I feel as though all the lessons from this month have been ones I’ve read dozens of times in various places around the web, and this one is no exception. As it turns out, all of those productivity gurus who tell us to “just put our shoes on” if we want to start a running habit have been right all along.
This has been true for me in many areas this month. It started with journalling, which is a habit I’ve always struggled to maintain. Sometime around the beginning of May, I told myself that, as soon as I woke in the morning, instead of assuming Katie would wake any minute and interrupt me, I’d just start writing. Some days I get five minutes and some I get thirty, but either way, I’m journalling more than I was previously.
Starting small has also worked for running (well, let’s be honest: I’m six months pregnant. “Running” is a generous term. Perhaps “lumbering” would be better) and for more general writing, too. I tell myself that I only need to walk a quarter-mile on the treadmill and end up jogging – er, lumbering – two miles. I tell myself I only need to write five hundred words and end up punching out a blog post or the start of a short story.
So much of the battle is in getting started.
4. Grief works on its own schedule.
I thought I’d worked through so much of the sorrow surrounding our failed adoption, that I’d moved on, when the reality is that that pain will likely show itself from time to time for the rest of my life.
When I first heard that Grandpa had died, I felt nothing.
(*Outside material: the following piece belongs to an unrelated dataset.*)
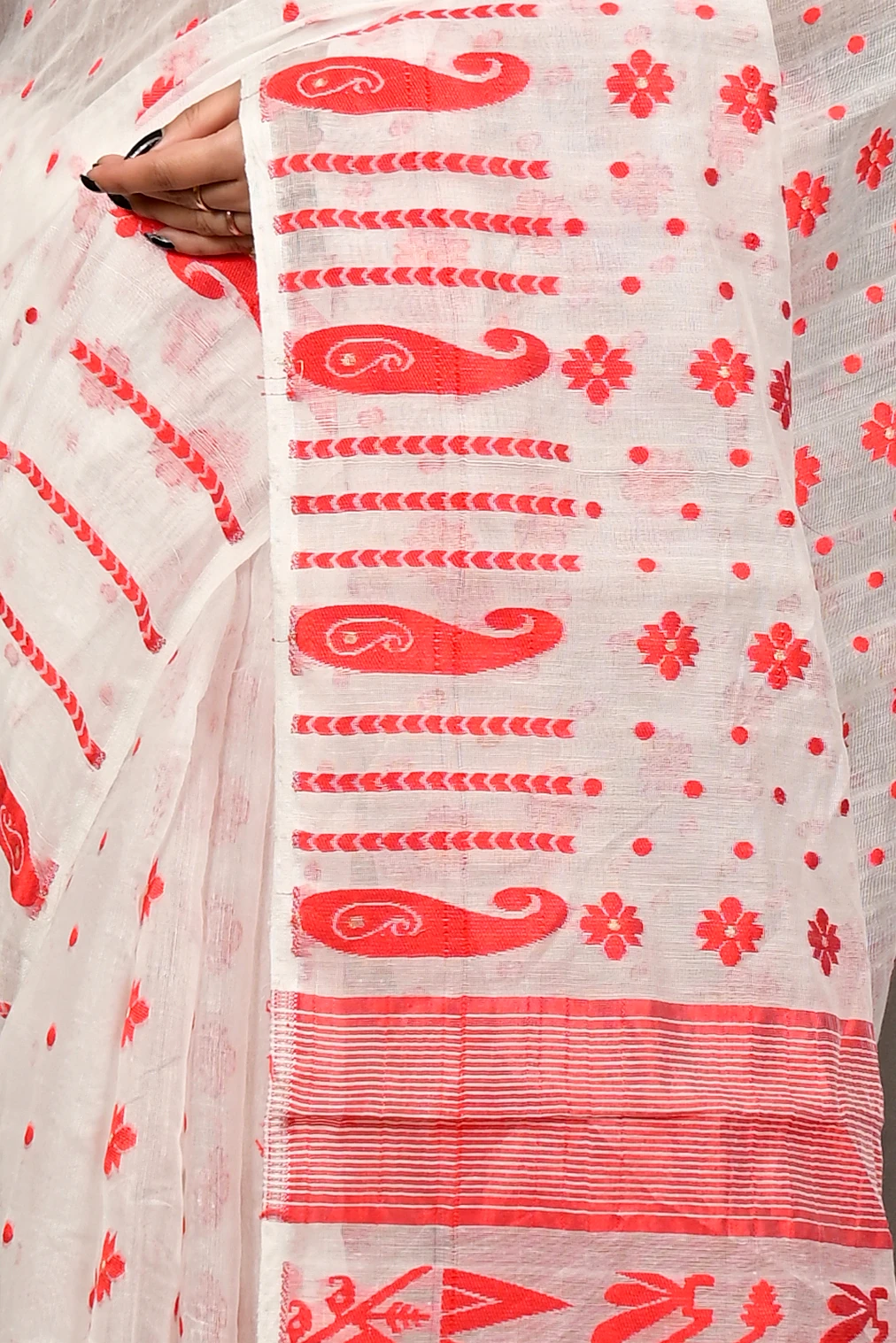 White Red Cotton Folai Jamdani Saree (3110)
It was partly because the news was not unexpected – he was 96 years old and had lived a long, full life – and, partly, perhaps, because I was distracted, in the middle of a busy weekend. But a few mornings later, I woke Jonathan with my tears, tears that came suddenly and uncontrollably as I thought about the hole Grandpa Greer left behind.
I tend towards pragmatism, away from sentimentality, and I like to maintain the illusion that I have some control over when and how my feelings come. I’m learning, though, that grief doesn’t work like that.
Those are my lessons for May. How about you? What did you learn?